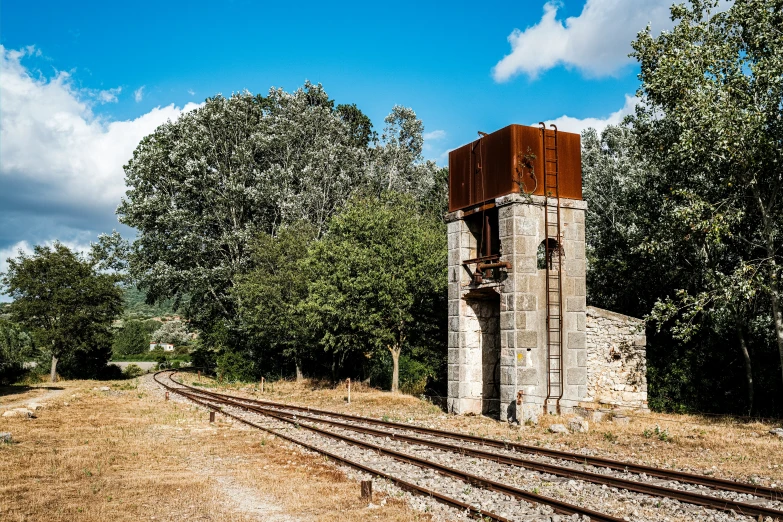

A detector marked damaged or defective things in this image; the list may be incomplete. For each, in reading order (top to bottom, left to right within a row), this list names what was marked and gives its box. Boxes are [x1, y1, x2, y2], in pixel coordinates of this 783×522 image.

rusted metal panel [448, 123, 580, 210]
rusty metal water tank [448, 124, 580, 211]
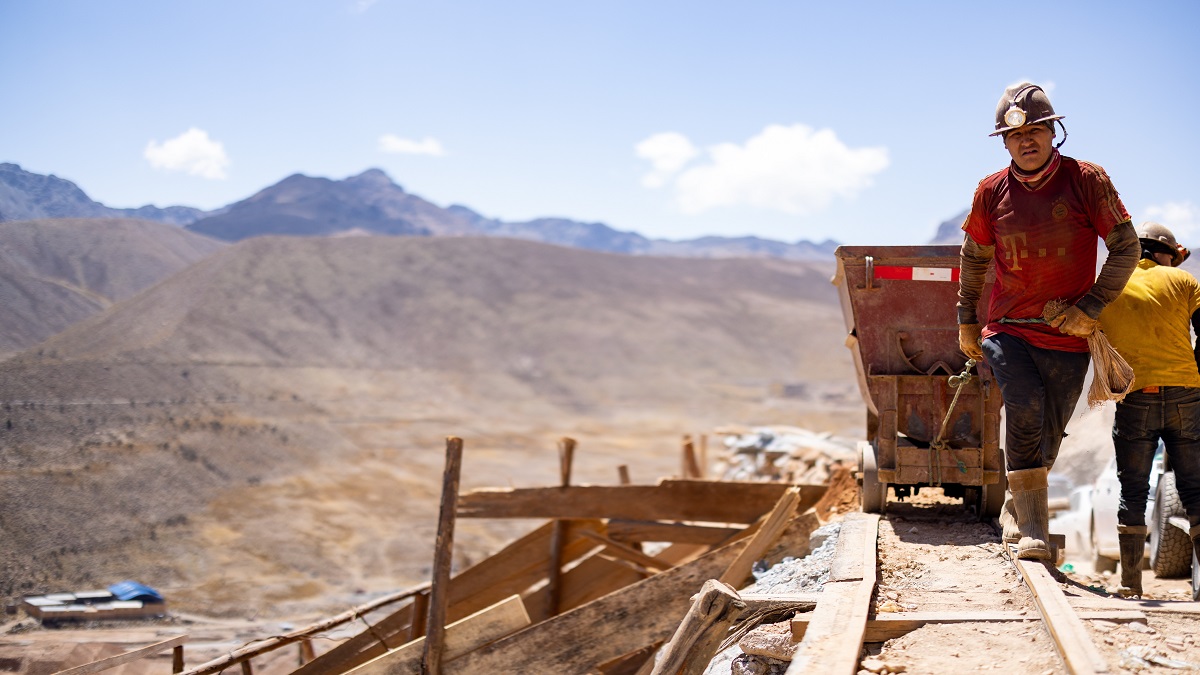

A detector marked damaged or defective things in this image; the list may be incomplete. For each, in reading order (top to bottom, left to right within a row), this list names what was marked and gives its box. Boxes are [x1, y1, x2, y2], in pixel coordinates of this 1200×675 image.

rusty metal cart [836, 246, 1004, 520]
━━━━
All lines from the one containing "this 1200×675 image." through the end of the material should be restated exactly, with both end lines kept.

Your response —
A detector marked damaged or defective things in this image; the list may be incomplete. For each, in reading order (top to bottom, left to right within a row), this list names what was marked and gives its box. Boxes are [x1, y1, x2, y2], in pixel coordinates of this 1200×675 image.

rusty metal cart [836, 246, 1004, 520]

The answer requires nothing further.